- **PROBLEM DESCRIPTION**
Pictures are not part of the copy; reproduce the remaining data exactly.

- **DATA BELOW**
/---

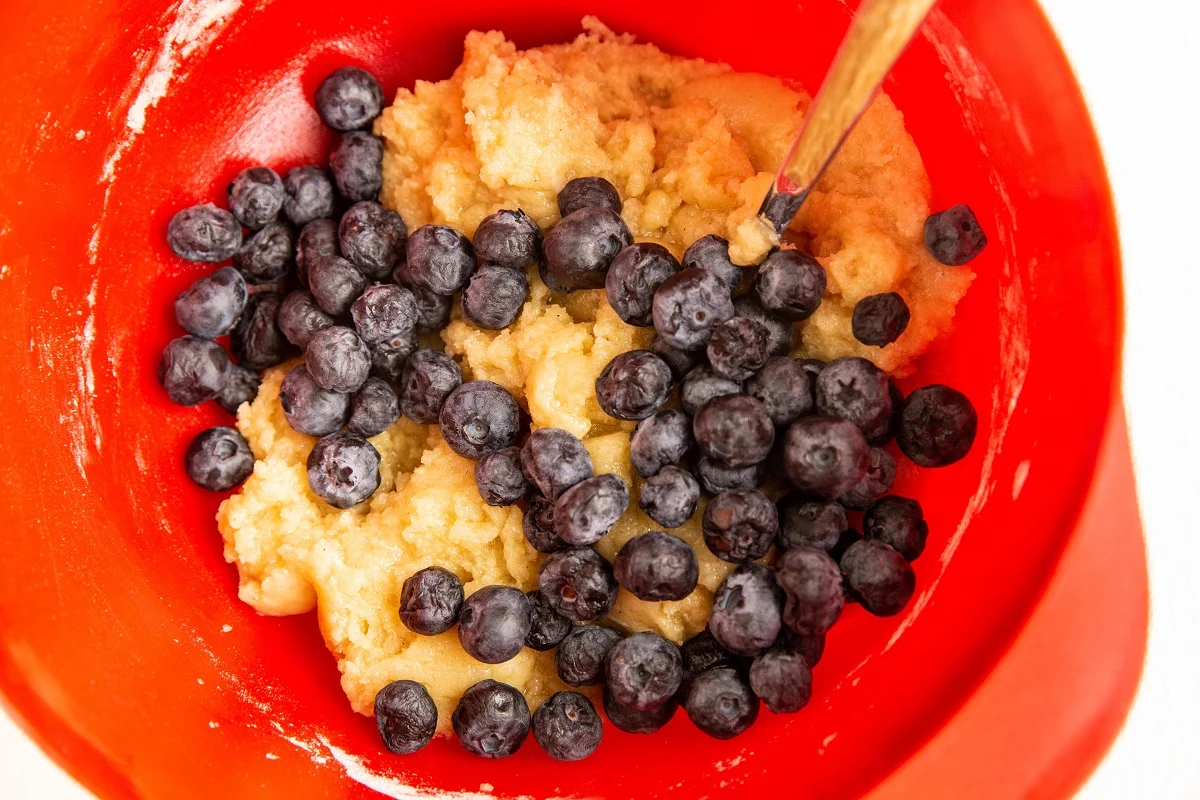blueberries on top of coffee cake batter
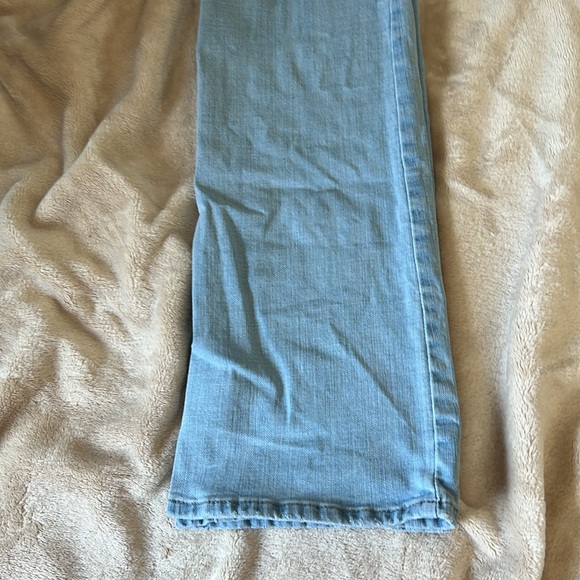 One of my favorite jeans , really comfortable and cute they are just too small - Picture 3 of 4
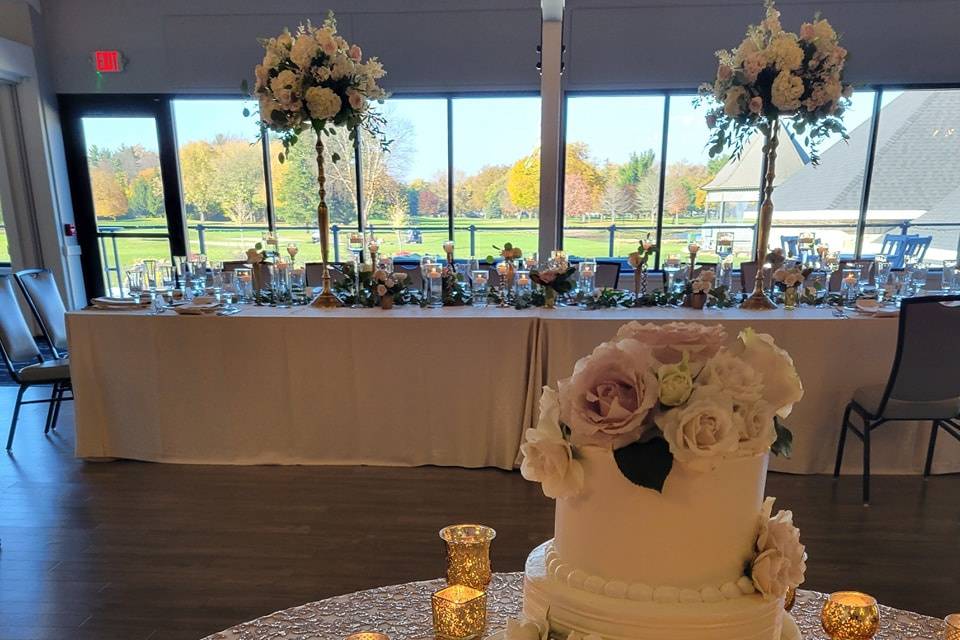 Head and Cake Tables
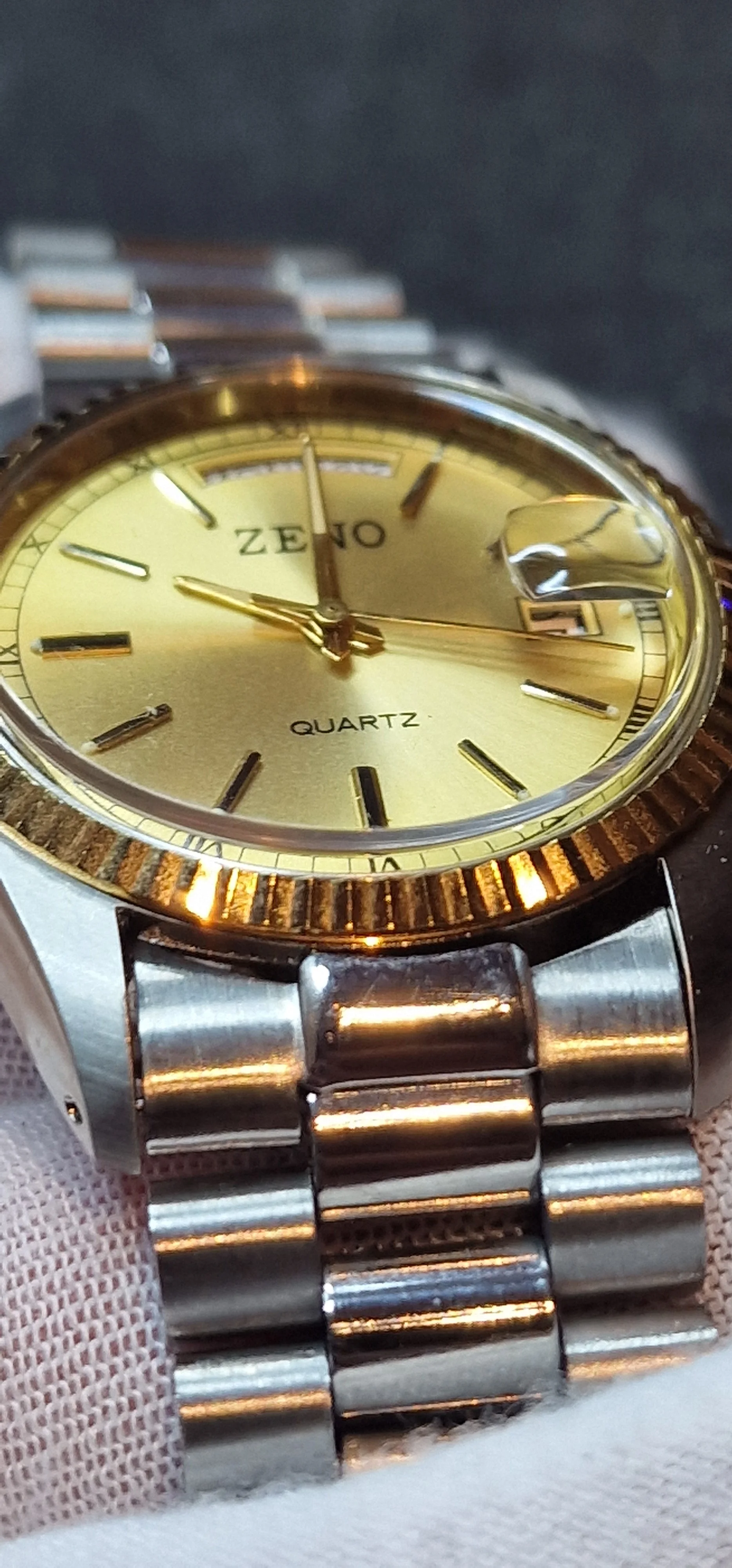 Unworn Vintage Day-Date Watch – Zeno-Watch Basel, Swiss Made, 1960s, Quartz, Bicolor 3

\---

- **EXERCISE ANSWER**
blueberries on top of coffee cake batter
 One of my favorite jeans , really comfortable and cute they are just too small - Picture 3 of 4
 Head and Cake Tables
 Unworn Vintage Day-Date Watch – Zeno-Watch Basel, Swiss Made, 1960s, Quartz, Bicolor 3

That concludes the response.